About Brexit - A Voter's Dilemma 2

A couple of months ago I wrote to my MP expressing some of the concerns outlined in my post,  About Brexit - A Voter's Dilemma.


Here is an extract:

'I want to be spoken to by politicians who respect me to the extent of thinking I might understand rational argument.

I don't want to be subjected to snake oil salesmanship designed to win me over by trickery rather than by convincing me by rationality and evidence.

My aversion to snake oil, and my wish to be spoken to by people who respect my ability to understand rational argument, are especially relevant to Brexit. Even my conservative thinking, Brexit voting, working class drinking mates in the [pub] are no longer so sure of themselves: 'We weren't given enough information', and 'All we got was remoaners versus £Zillion NHS promises on buses' are verbatim quotes from two of them.

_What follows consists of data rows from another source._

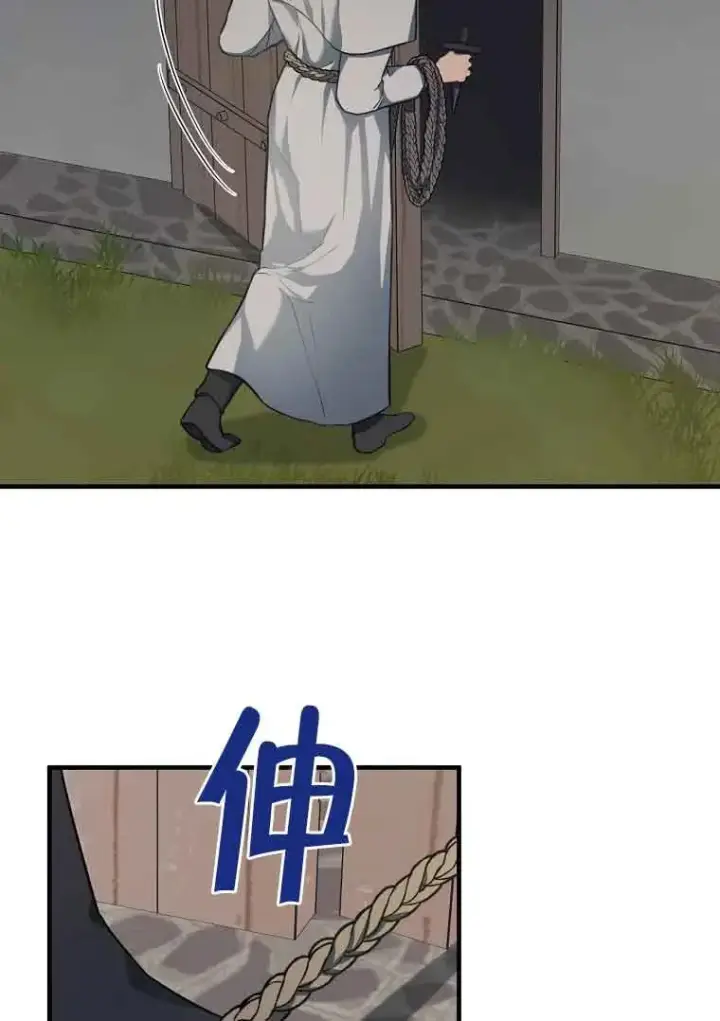 漫画《挑选丈夫时要慎重》第03话第7张图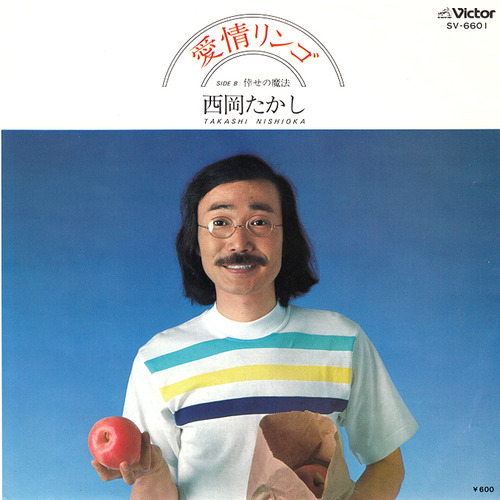 nishiokatakashi_shiawasenomaho
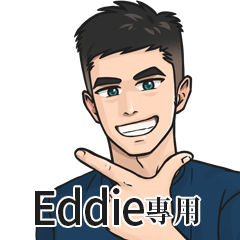 Name Stickers for Men2-Eddie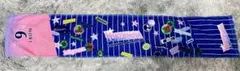 リボンタオル 森敬斗選手 ガールズフェスティバル ベイスターズ ガルフェス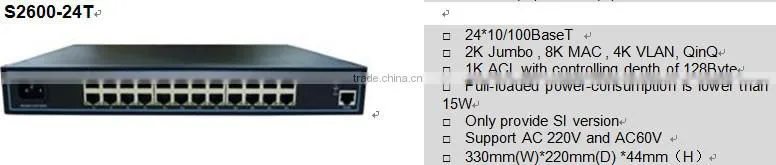 GCOM Super Ethernet Switch 220V S2600 Series Fiber Switch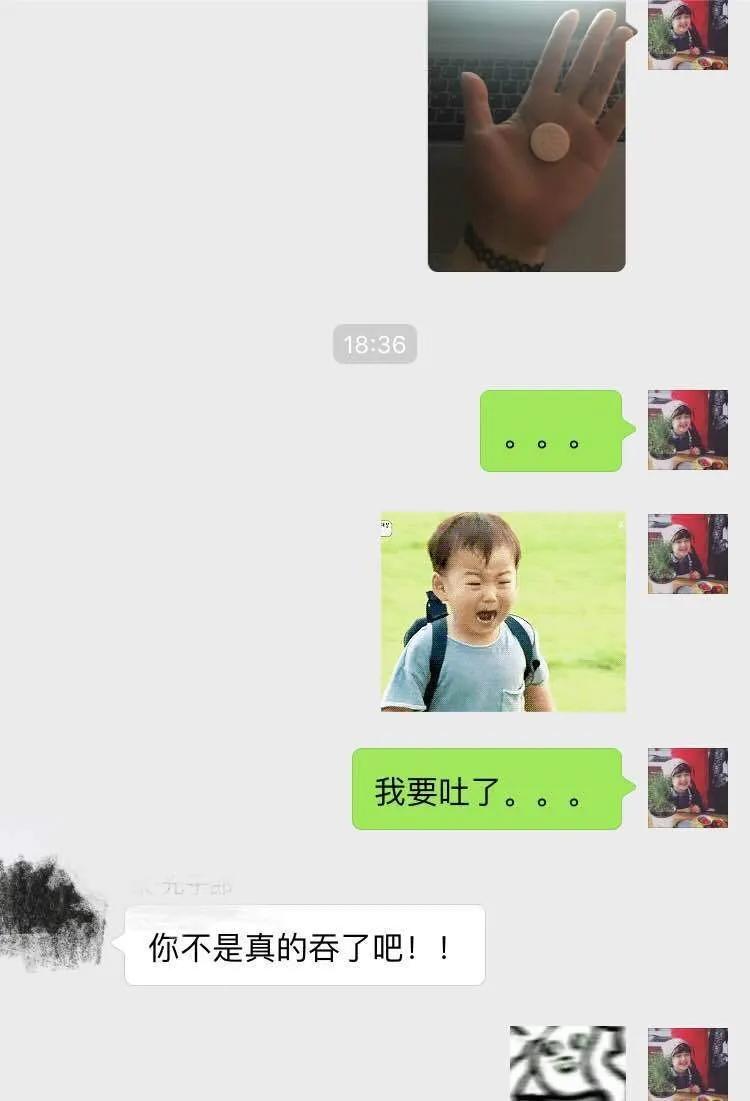 释疑：22人误服泡腾片中毒？到底应该怎么用？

I don't want an electoral choice which asks me to choose between racistsislamaphobe or antisemite.
There's a whole bunch of us out here who understand the simple logic of the idea that we can condemn some of Israel's behaviour without having to rewrite history and become holocaust deniers and anti-semites.

At the same time I do not want a party who are cowed by zealots who scream racist every time someone raises a concern about immigration.
(Gordon Brown – 'Bigotgate'?)

I don't want the condescension which leads posh politicians to make clumsy attempts to drink beer or eat pies (past Labour leaders), or to make feeble Bernard Manning type jokes (BoJo) - in a cringe-making effort to get down with the man in the pub.

And speaking of this demographic, I want a party that recognises that the working class are no longer wearing clogs and flat caps and working in mills, and that they are mostly not employed in strategically powerful union-represented industries. And that, unlike other deserving groups in society, who are recognised and represented, they get very little recognition except, perhaps, in the form of blame.

I am fed up with issues being presented as two part oppositions – Doom versus Paradise.
There may have been validity in this when the Left had a huge homogeneous core of big industry clock punchers all in search of a better sort of state. But now it is insulting. We are more or less 50:50 for and against Brexit for instance. So is half the populace stupid? If we leave the EU or not, a large number of people will be very unhappy – and their concerns should be treated with respect and not with derision.

Another destructive consequence of such false opposition is that it creates an illusion that Goodies are totally good and Baddies are totally bad. In the case of the EU I fear that a second referendum, if it were to happen and if it came out in favour of Remain, would be taken as a seal of approval for the EU as it is. But I think there is much wrong with it. It's just that I think recent events are a wake-up call and we should be working to change it from within. Similarly, I think there's a lot wrong with the NHS - but I certainly don't want to lose it and would be happy to pay more in tax for it. So as well as supporting it I want it to be looked at critically.


In short, I want grown-up political parties that treat me as a grown-up, tell me what they want to achieve and why, and which do a bit of fact-checking before offering what they want me to think is evidence. Parties that are not spooked by tunnel visioned zealots or that mistake the one liners of Twitter for anything other than the modern version of poison pen letters.

As someone who works with people from many countries I desperately want the bunch of gurning caricatures currently humiliating my country in the eyes of the world to be replaced by grownups.'


I hope to expand on some of these points in further posts.